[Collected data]

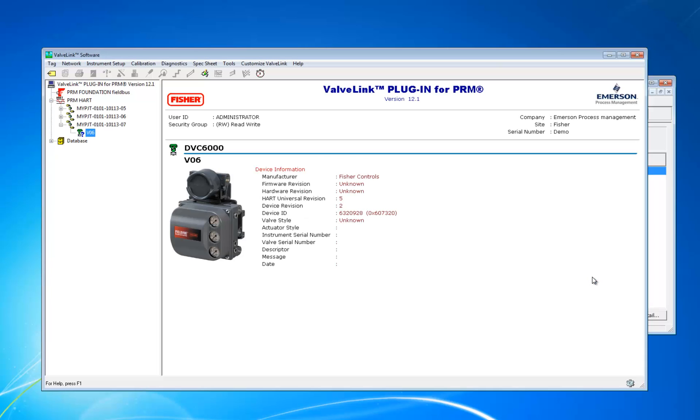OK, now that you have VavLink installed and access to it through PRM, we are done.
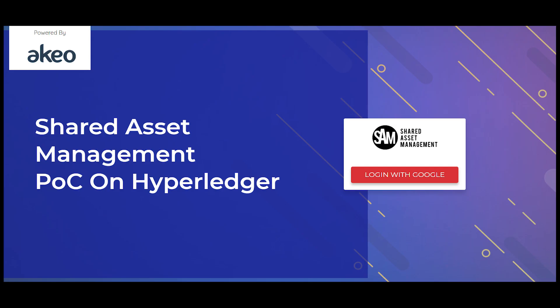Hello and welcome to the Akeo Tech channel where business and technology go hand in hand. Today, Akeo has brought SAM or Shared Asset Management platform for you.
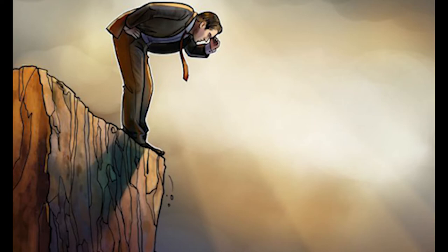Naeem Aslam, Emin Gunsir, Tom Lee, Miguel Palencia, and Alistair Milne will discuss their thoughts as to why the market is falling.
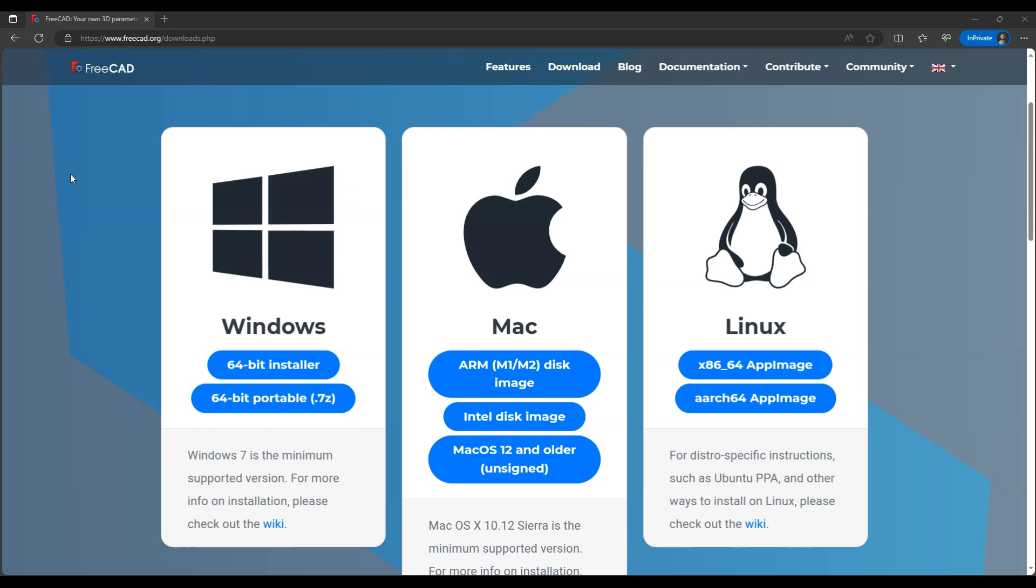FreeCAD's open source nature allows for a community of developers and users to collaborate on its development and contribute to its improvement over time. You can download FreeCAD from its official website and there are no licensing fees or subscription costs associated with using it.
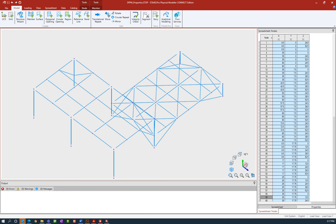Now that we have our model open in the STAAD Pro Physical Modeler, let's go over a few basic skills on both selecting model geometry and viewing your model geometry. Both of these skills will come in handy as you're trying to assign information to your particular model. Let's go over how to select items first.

# Task brief
Please set down each line of the data above exactly as written, without the pictures.

# Solution to this exercise
OK, now that you have VavLink installed and access to it through PRM, we are done.
Hello and welcome to the Akeo Tech channel where business and technology go hand in hand. Today, Akeo has brought SAM or Shared Asset Management platform for you.
Naeem Aslam, Emin Gunsir, Tom Lee, Miguel Palencia, and Alistair Milne will discuss their thoughts as to why the market is falling.
FreeCAD's open source nature allows for a community of developers and users to collaborate on its development and contribute to its improvement over time. You can download FreeCAD from its official website and there are no licensing fees or subscription costs associated with using it.
Now that we have our model open in the STAAD Pro Physical Modeler, let's go over a few basic skills on both selecting model geometry and viewing your model geometry. Both of these skills will come in handy as you're trying to assign information to your particular model. Let's go over how to select items first.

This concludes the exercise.